Goodfellas Director Martin Scorsese Pens Heartfelt Tribute To Ray Liotta Following The Actor’s Death

On May 26, Ray Liotta passed away at the age of 67, and celebrities like Seth Rogen and Jamie Lee Curtis paid tribute to him soon afterwards. Days after his passing, Liotta’s fiancée, Jacy Nittolo, went on social media to honor the man she intended to marry, calling him “most beautiful person inside and out” she’d ever known. Now Martin Scorsese, who directed Liotta in 1990’s Goodfellas, has penned his own heartfelt tribute to the actor.

While Ray Liotta put together an impressive body of movie and TV work over his 40+ years of acting, ranging from his time on Field of Dreams with Kevin Costner to starring alongside Jennifer Lopez in the NBC series Shades of Blue, he was arguably best known for playing Henry Hill in Goodfellas, which co-starred Robert De Niro and Joe Pesci. In an op-ed he wrote for The Guardian, Martin Scorsese recounted the story behind how Liotta was selected to star in Goodfellas, noting how the part required someone who could be “disarming,” “dangerous” and “vulnerable.” Looking back, Scorsese realized he wanted Liotta to play Henry after meeting him at The Last Temptation of Christ’s world premiere in Venice, and then the filmmaker showered the following praise onto the late actor:

The word ‘fearless’ is used quite often to describe actors, and with good reason: actors need to be fearless. They have to jump in and just go, and they have to stumble and fail and risk appearing ridiculous as they’re finding their way into a role. That’s just part of the work. On Goodfellas, we were working improvisationally in most scenes, and many members of the team had known each other and worked together for years, including my mother and my father. Into that walked the new guy, Ray Liotta, and he never missed a beat. It felt like we’d worked together for years.

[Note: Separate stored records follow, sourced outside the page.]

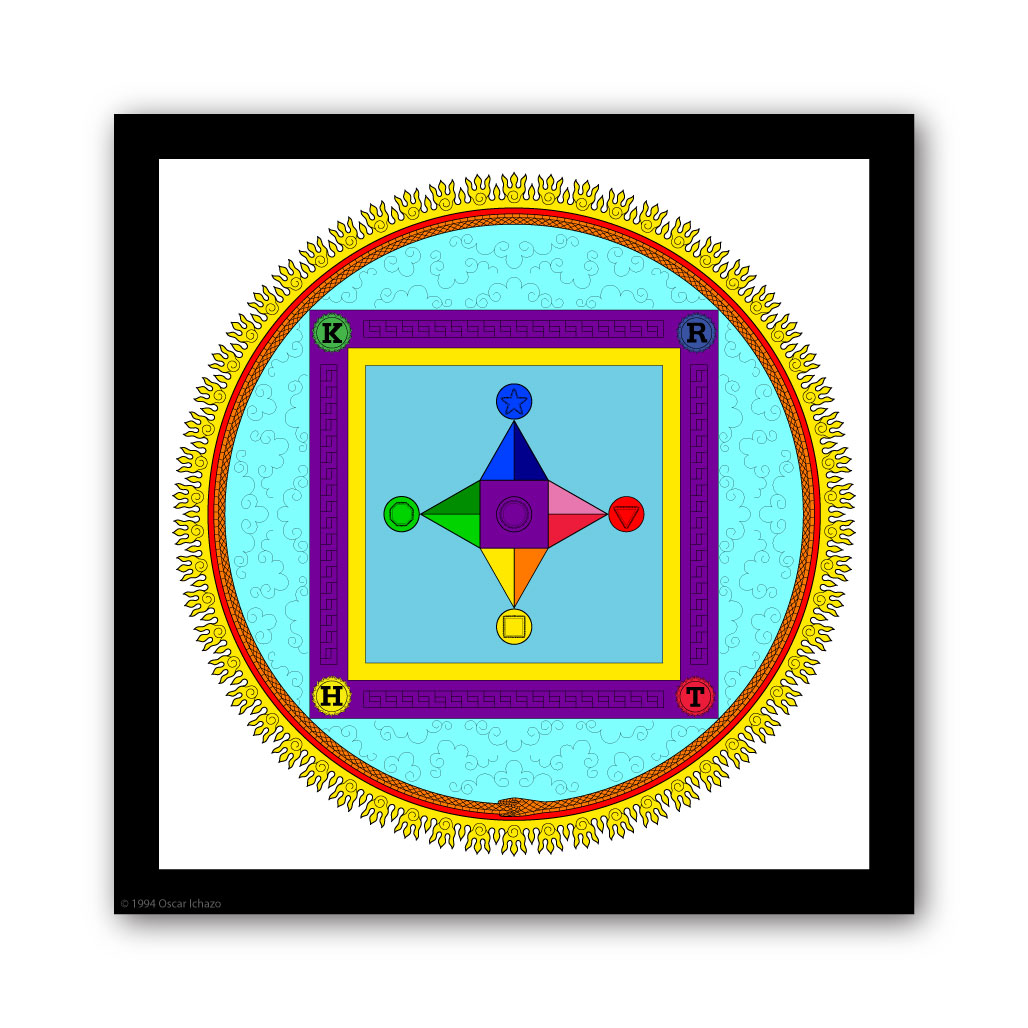 Mandala of the Realms™ yantra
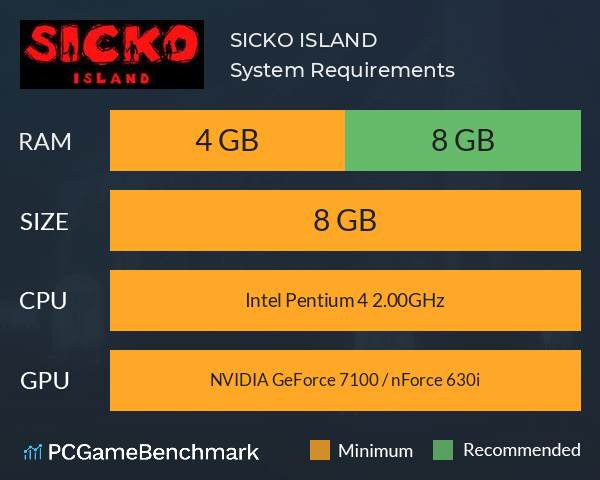 SICKO ISLAND System Requirements PC Graph - Can I Run SICKO ISLAND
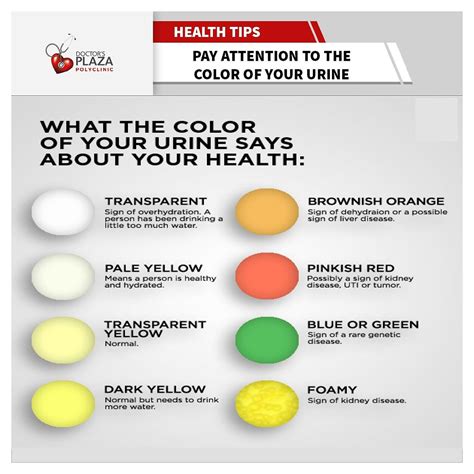 What color is your urine if you have liver problems?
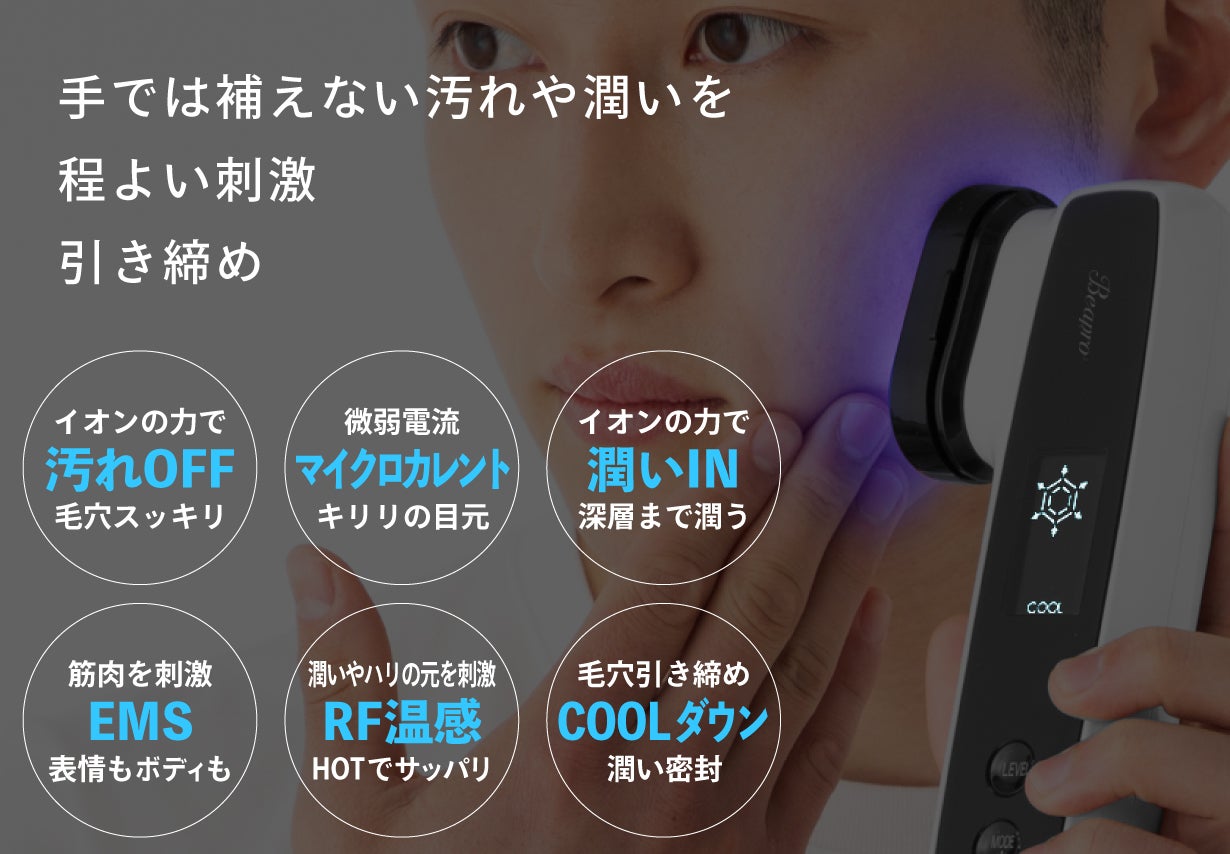 1コース3分『ベタつき』『カサつき』男の2大悩みを肌深層からOFFする
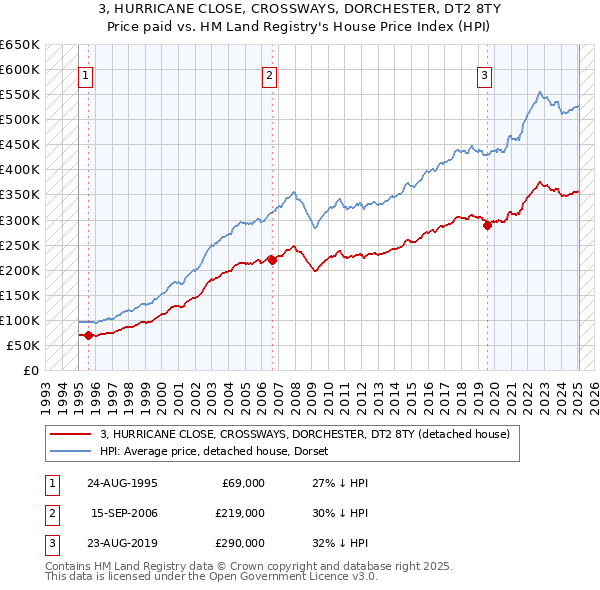 3, HURRICANE CLOSE, CROSSWAYS, DORCHESTER, DT2 8TY: Price paid vs HM Land Registry's House Price Index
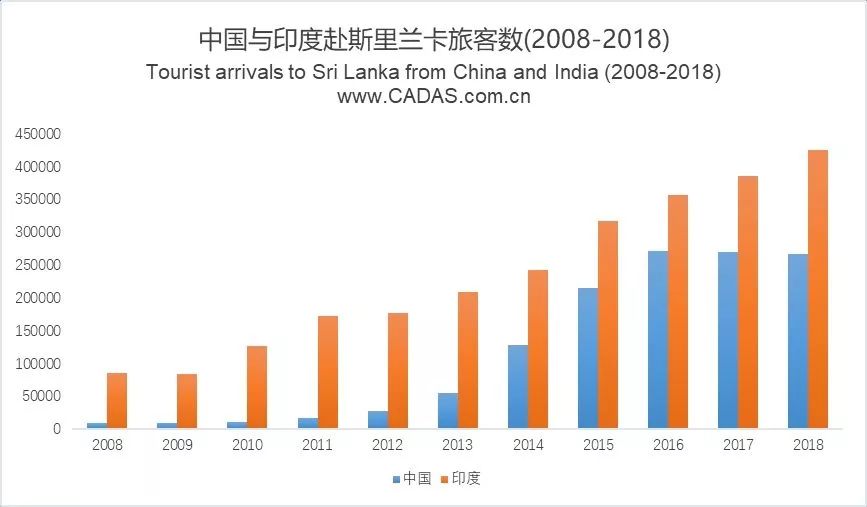 2018年斯里兰卡旅游客源地人数统计/图:斯里兰卡旅游发展局但经济快速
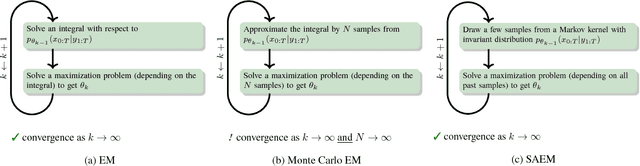 Figure 1 for Learning dynamical systems with particle stochastic approximation EM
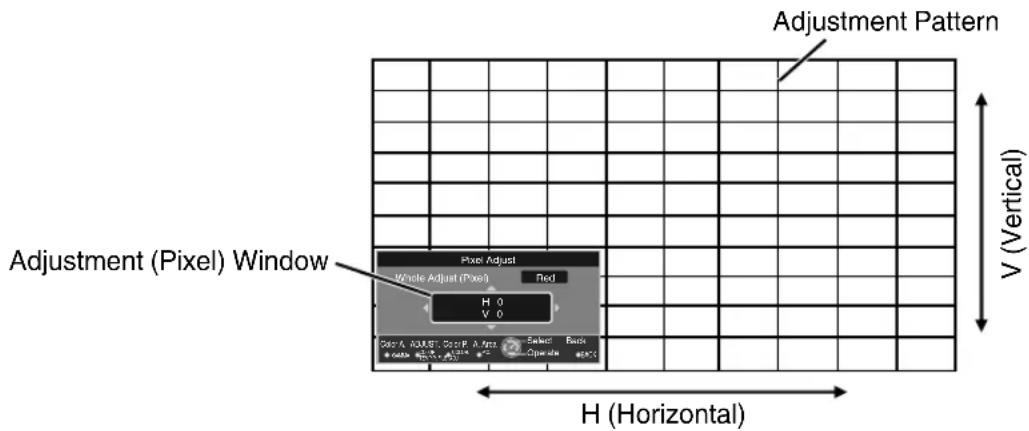 Adjustment Pattern Adjustment (Pixel) Window Pixel Adjust Whole Adjust (Pixel) Red H 0 V 0 Color A: AUST, Color B: A Max Select Basic • color • color • color • color • color • color • color • color • color • color • color • color • color • color • color • color • color • color • color • color • color • color • color • color • color • color • color • color • color • color • color • color • color • color • color • color • color • color • color • color • color • color • color • color • color • color • color • color • color • color • color - V (Vertical) H (Horizontal)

Based on the non-fiction book Wiseguy by Nicholas Pileggi, Goodfellas (which Pileggi co-wrote with Martin Scorsese) chronicled Henry Hill’s rise and fall through organized crime, albeit with some creative embellishments that come with Hollywood adaptations. In addition to the kind words above, Scorsese also shared an anecdote that exemplified Liotta’s work ethic. On the day he, Pesci, Robert De Niro and Paul Sorvino shot the scene where Henry, Jimmy and Tommy give Paulie the tribute money from the Air France heist, Liotta learned his mother was dying of cancer. Scorsese urged the actor to go be with his mother, but Liotta was adamant he perform this specific scene first, and given the euphoria the actors needed to express, when all was said and done, there were “laughter and tears, tears and laughter.” 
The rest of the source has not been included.